Les recherches effectuées autour de cette affaire ont permis de découvrir l’existence d’une autre société nommée Kilimanjaro Capital. Incorporée dans l’Etat de Californie, aux Etas-Unis, californienne cette fois-ci, cette entreprise est actionnaire majoritaire de la société sud-africaine Tosaco Energy, active dans le Black Economic Empowerment. Elle possède, selon son site internet, trois licences d’exploration pétrolière dans les provinces de Mpumalanga et de Gauteng. Mais, aucun lien n’a pu être établi entre Kilimanjaro Capital candien et son homonyme américain, avec lequel il partage aussi la même activité. A noter toutefois que les séparatistes camerounais revendiquent sur Facebook, leur proximité avec certains leaders de l’ANC.

A côté de ces contacts supposés ou avérés avec le Fonds de pension sud-africain, le Canadien Kilimanjaro Capital a, au cours de l’année 2012, conclu des contrats pétroliers avec les rebelles du Cabinda, presque concomitamment avec les séparatistes camerounais de la république virtuelle d’Ambazonie.

Secoué par un courant indépendantiste depuis des années, le Cabinda, territoire angolais enclavée entre les deux Congo, a procédé à sa «déclaration d’indépendance» en février 2011, se dotant à la même occasion d’un président en exil.

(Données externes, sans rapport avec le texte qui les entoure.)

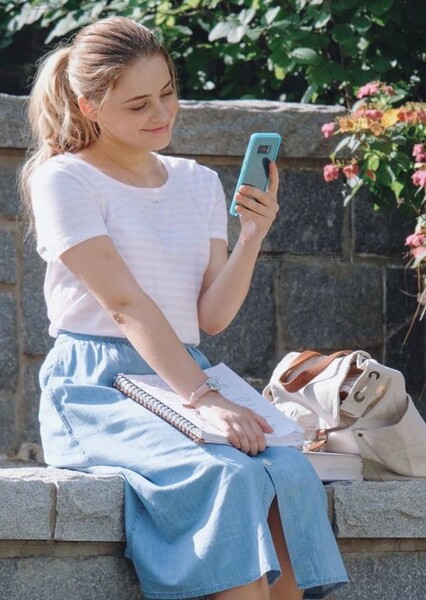 Josephine Langford photo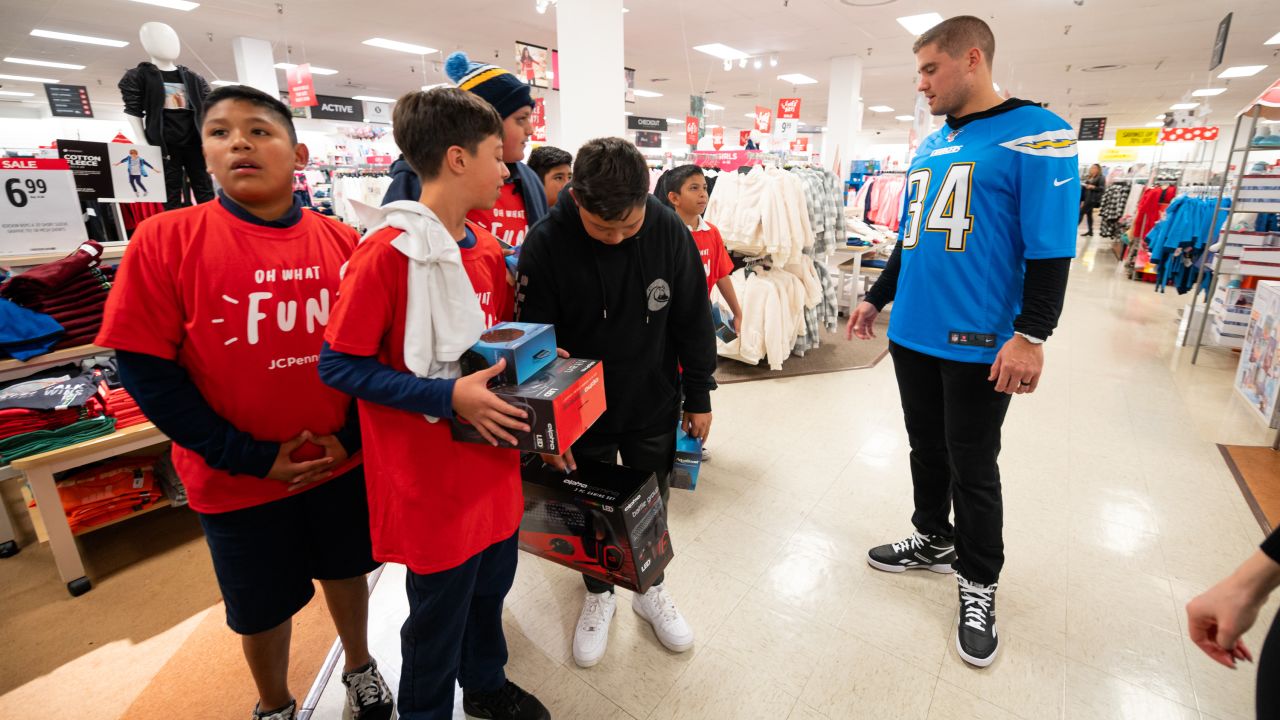 Photos: Derek Watt Teams Up with JCPenney to Spread Holiday Cheer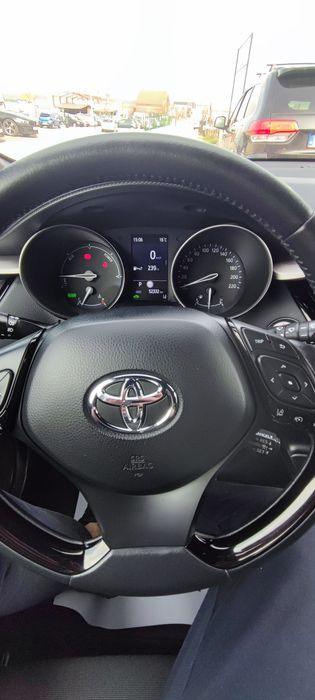 Toyota C-HR Hybrid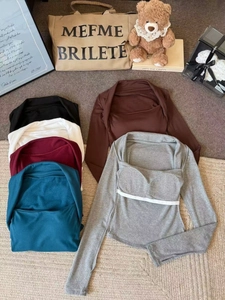 Eng anliegendes geripptes Langarmshirt mit Karree-Ausschnitt und Daumenlöchern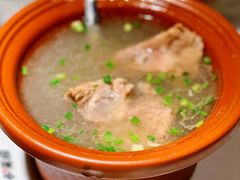 瓦罐筒骨汤-小菜园新徽菜(常州金坛吾悦店)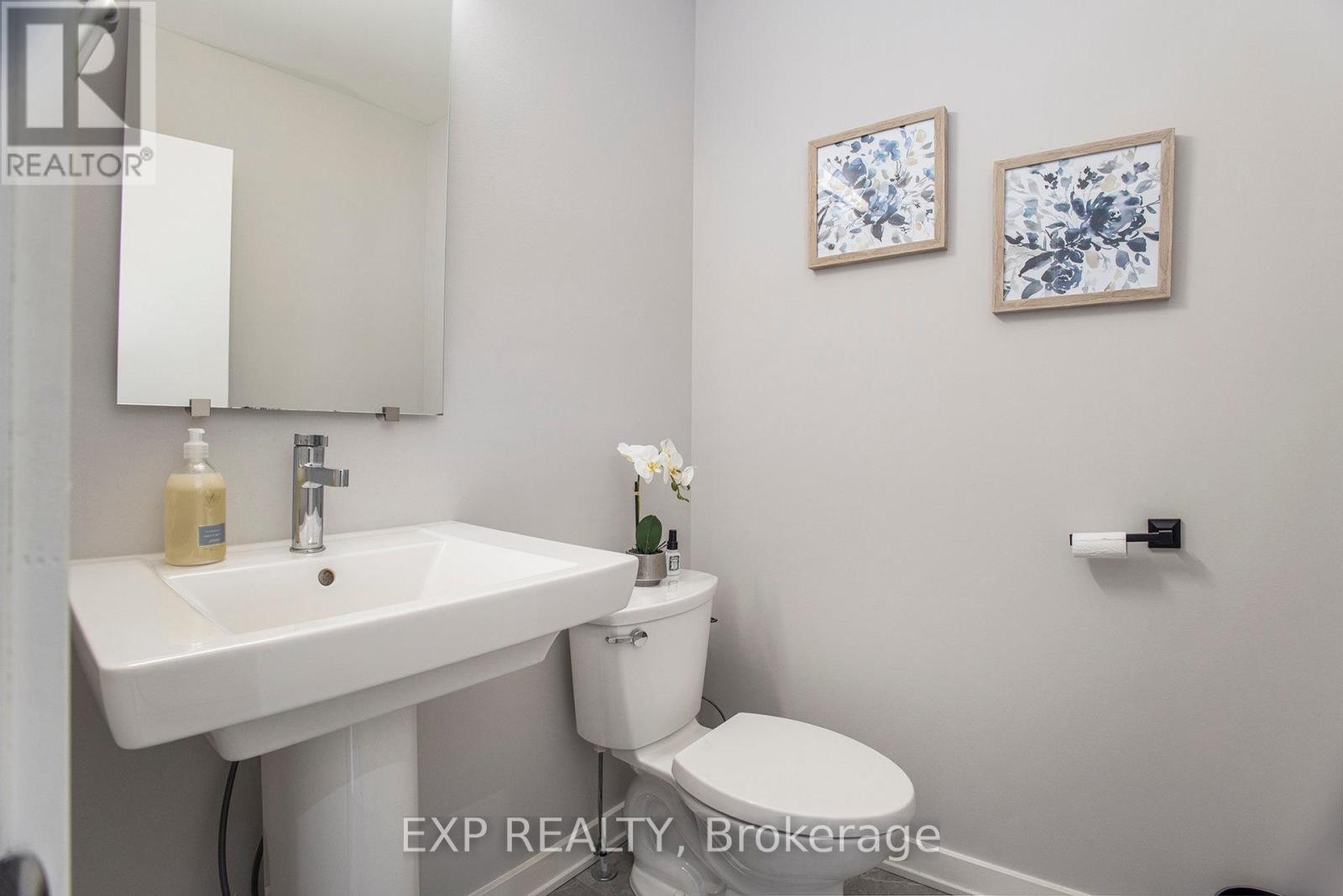 












1022 LUNAR GLOW CRESCENT

,
Ottawa,




Ontario
K4M0J9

Au tableau de chasse de Kilimanjaro Capital, l’on retrouve aussi le Matabeleland Liberation Organization, un mouvement indépendantiste zimbabwéen, les rebelles de l’Etat du Biafra, qui revendiquent depuis des années l’indépendance de cet Etat pétrolier du Nigéria, et un groupe séparatiste somalien. «Ce genre d’actifs est très bon marché, et peut rapporter énormément en cas de succès» des revendications indépendantistes, soutient le CEO de la firme d’investissements canadienne. Mais en cas d’échec, il semblerait que, pour les financiers de Kilimanjaro Capital et leurs associés, ça rapporte déjà gros.